_Your task_
With the images left out, print all of the records below exactly.

(Data extracted from a collection)

*** Block opens ***

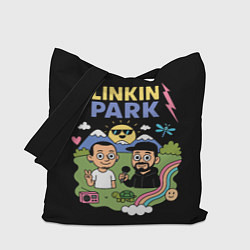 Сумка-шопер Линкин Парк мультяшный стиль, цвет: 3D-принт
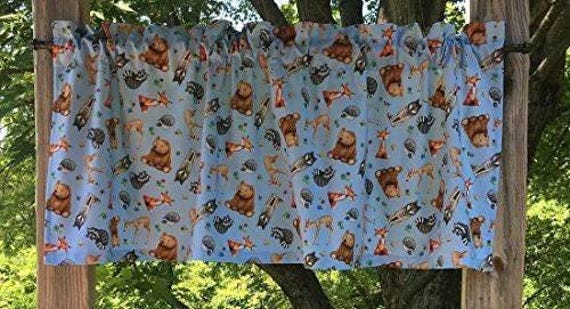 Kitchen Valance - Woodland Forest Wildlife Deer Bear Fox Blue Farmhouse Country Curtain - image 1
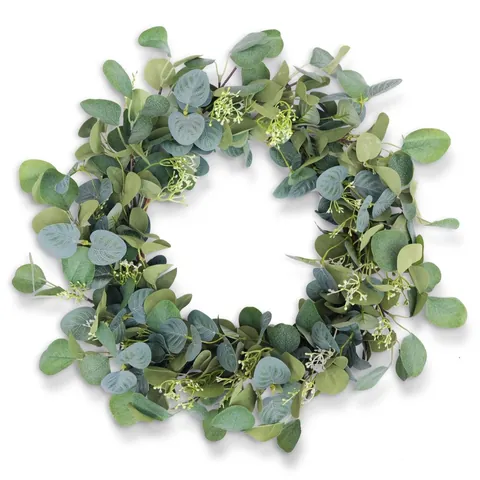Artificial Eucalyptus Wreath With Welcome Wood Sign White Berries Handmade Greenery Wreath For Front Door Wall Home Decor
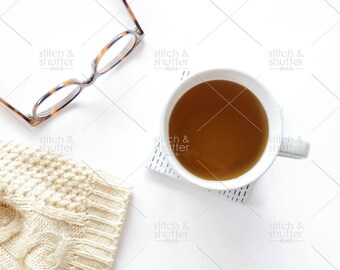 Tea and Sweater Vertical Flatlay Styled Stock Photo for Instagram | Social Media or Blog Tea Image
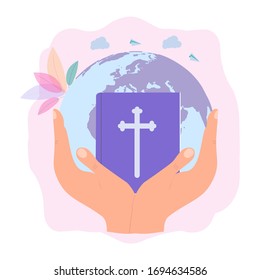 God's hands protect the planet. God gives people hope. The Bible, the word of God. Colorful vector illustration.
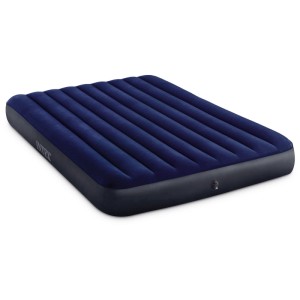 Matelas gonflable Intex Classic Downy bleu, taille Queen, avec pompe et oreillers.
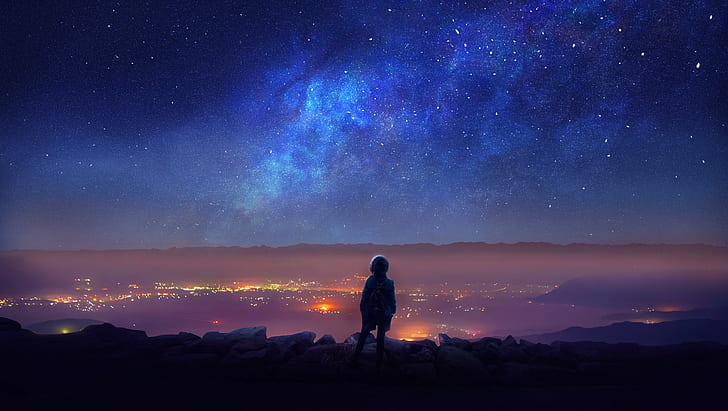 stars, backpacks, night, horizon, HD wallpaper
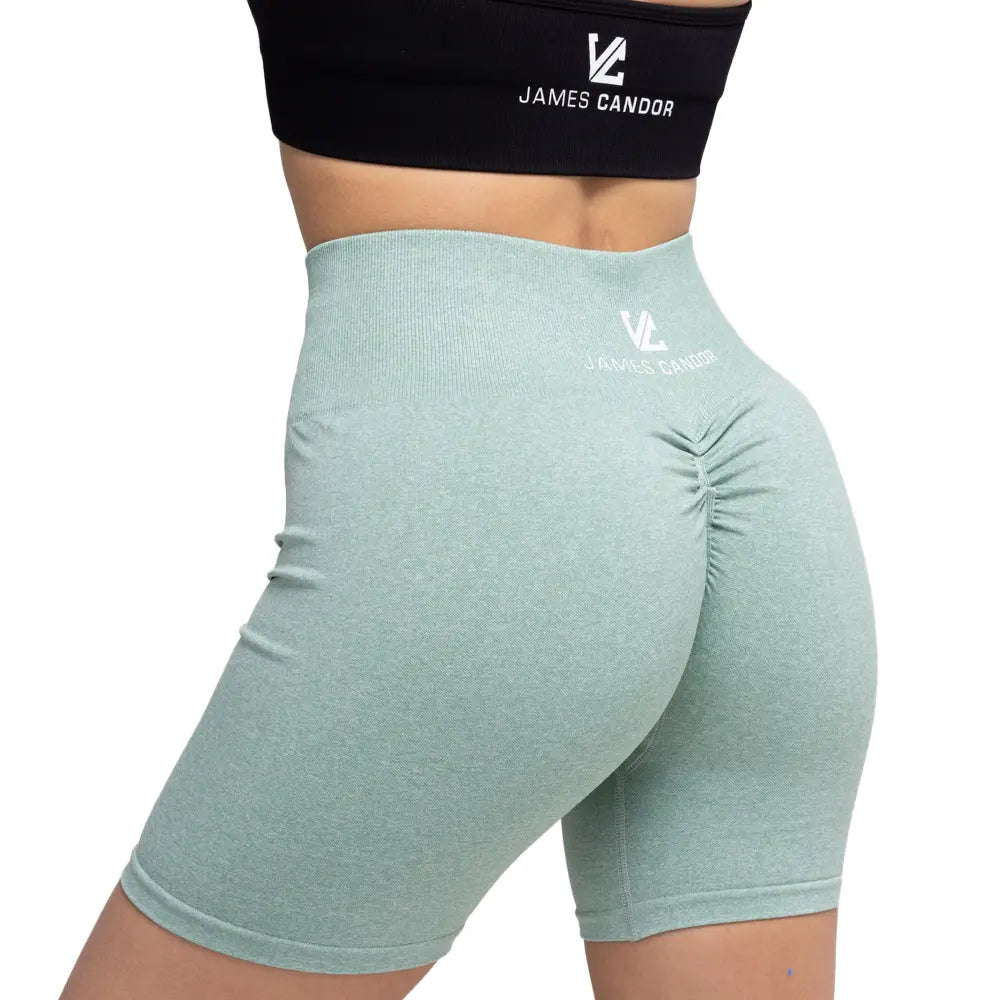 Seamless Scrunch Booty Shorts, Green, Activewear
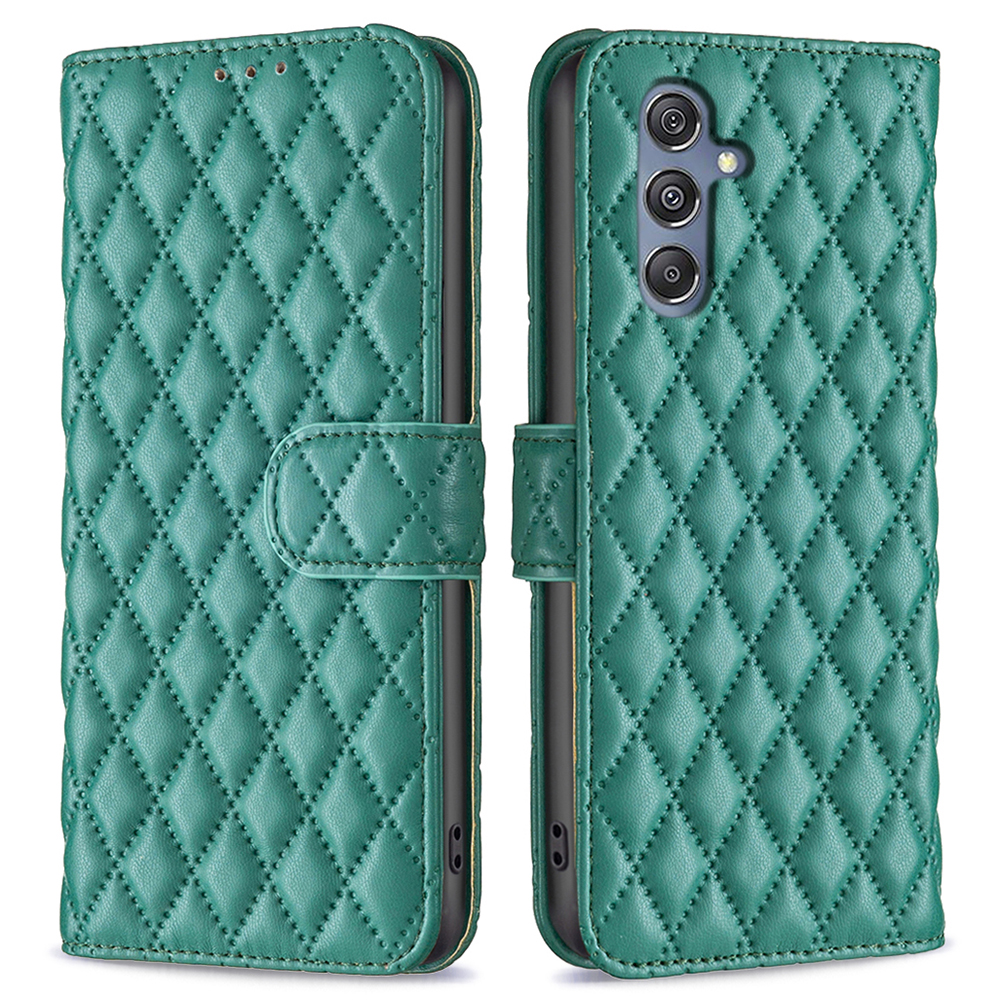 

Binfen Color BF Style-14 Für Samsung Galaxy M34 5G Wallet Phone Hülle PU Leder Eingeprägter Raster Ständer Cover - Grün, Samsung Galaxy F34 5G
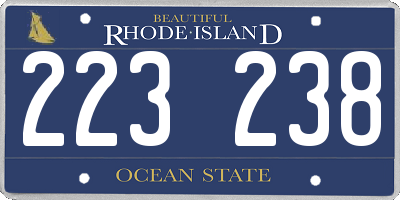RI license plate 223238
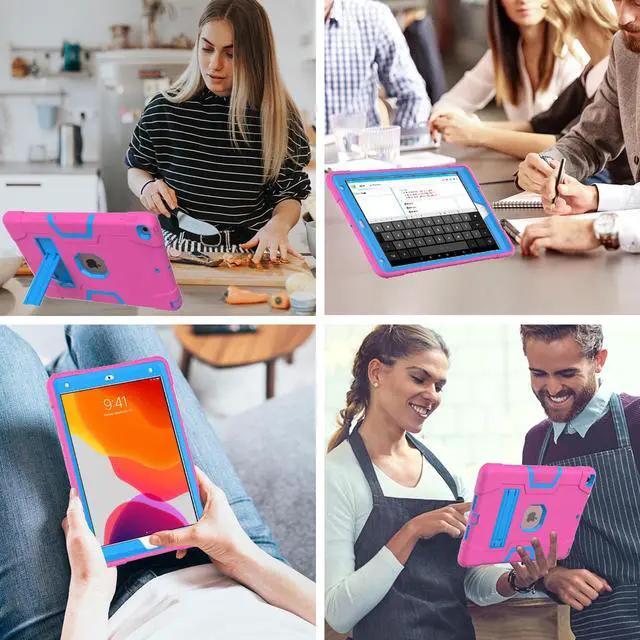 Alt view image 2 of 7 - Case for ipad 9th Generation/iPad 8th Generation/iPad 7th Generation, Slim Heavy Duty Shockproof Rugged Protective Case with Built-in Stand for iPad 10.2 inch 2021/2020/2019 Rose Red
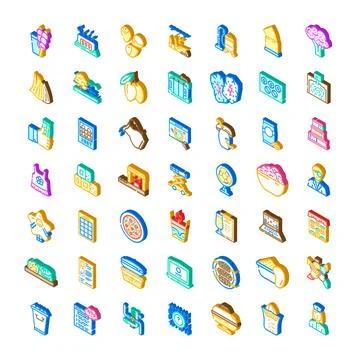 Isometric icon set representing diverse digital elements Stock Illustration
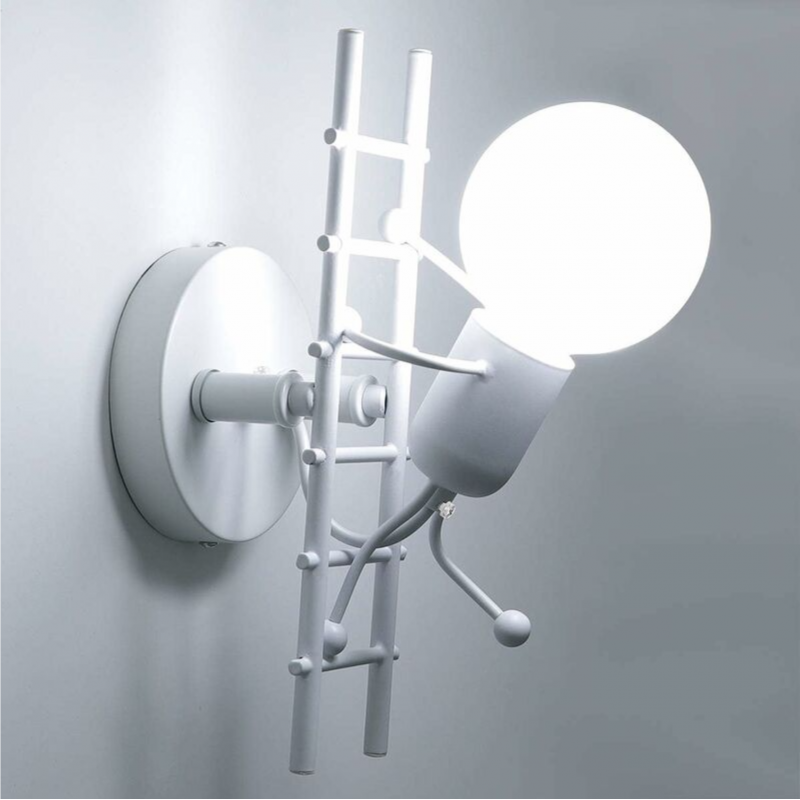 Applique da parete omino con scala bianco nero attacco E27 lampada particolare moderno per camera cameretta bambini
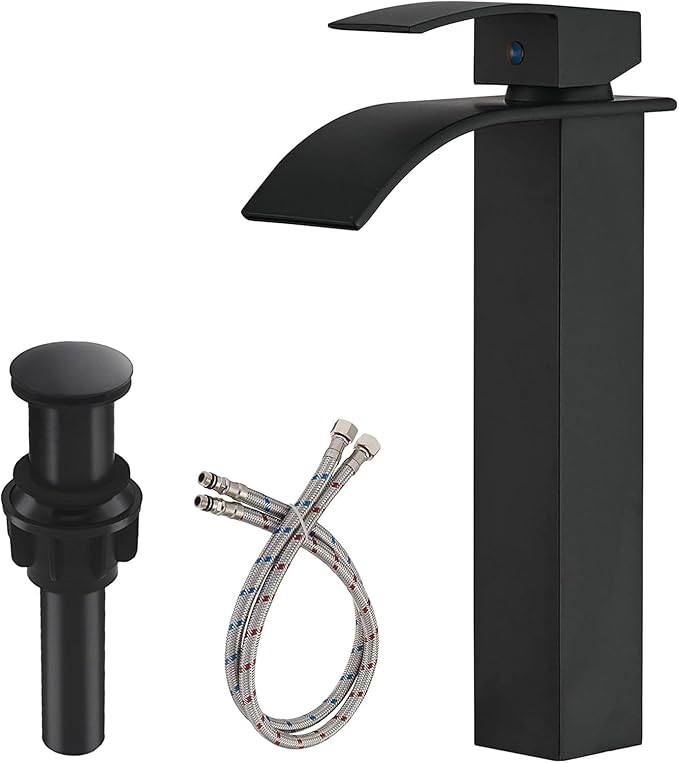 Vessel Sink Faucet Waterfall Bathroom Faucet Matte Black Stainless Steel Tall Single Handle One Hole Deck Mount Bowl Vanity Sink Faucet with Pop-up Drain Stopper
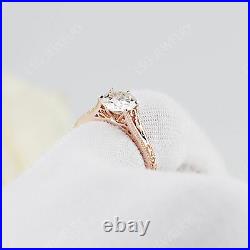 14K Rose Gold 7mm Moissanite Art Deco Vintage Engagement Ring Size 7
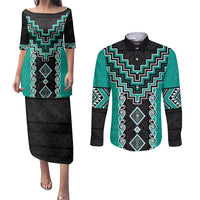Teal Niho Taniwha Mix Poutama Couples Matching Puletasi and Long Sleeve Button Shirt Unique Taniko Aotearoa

*** Block closes ***

_Output of the task_
 Сумка-шопер Линкин Парк мультяшный стиль, цвет: 3D-принт
 Kitchen Valance - Woodland Forest Wildlife Deer Bear Fox Blue Farmhouse Country Curtain - image 1
Artificial Eucalyptus Wreath With Welcome Wood Sign White Berries Handmade Greenery Wreath For Front Door Wall Home Decor
 Tea and Sweater Vertical Flatlay Styled Stock Photo for Instagram | Social Media or Blog Tea Image
 God's hands protect the planet. God gives people hope. The Bible, the word of God. Colorful vector illustration.
 Matelas gonflable Intex Classic Downy bleu, taille Queen, avec pompe et oreillers.
 stars, backpacks, night, horizon, HD wallpaper
 Seamless Scrunch Booty Shorts, Green, Activewear

Binfen Color BF Style-14 Für Samsung Galaxy M34 5G Wallet Phone Hülle PU Leder Eingeprägter Raster Ständer Cover - Grün, Samsung Galaxy F34 5G
RI license plate 223238
 Alt view image 2 of 7 - Case for ipad 9th Generation/iPad 8th Generation/iPad 7th Generation, Slim Heavy Duty Shockproof Rugged Protective Case with Built-in Stand for iPad 10.2 inch 2021/2020/2019 Rose Red
 Isometric icon set representing diverse digital elements Stock Illustration
 Applique da parete omino con scala bianco nero attacco E27 lampada particolare moderno per camera cameretta bambini
 Vessel Sink Faucet Waterfall Bathroom Faucet Matte Black Stainless Steel Tall Single Handle One Hole Deck Mount Bowl Vanity Sink Faucet with Pop-up Drain Stopper
 14K Rose Gold 7mm Moissanite Art Deco Vintage Engagement Ring Size 7
Teal Niho Taniwha Mix Poutama Couples Matching Puletasi and Long Sleeve Button Shirt Unique Taniko Aotearoa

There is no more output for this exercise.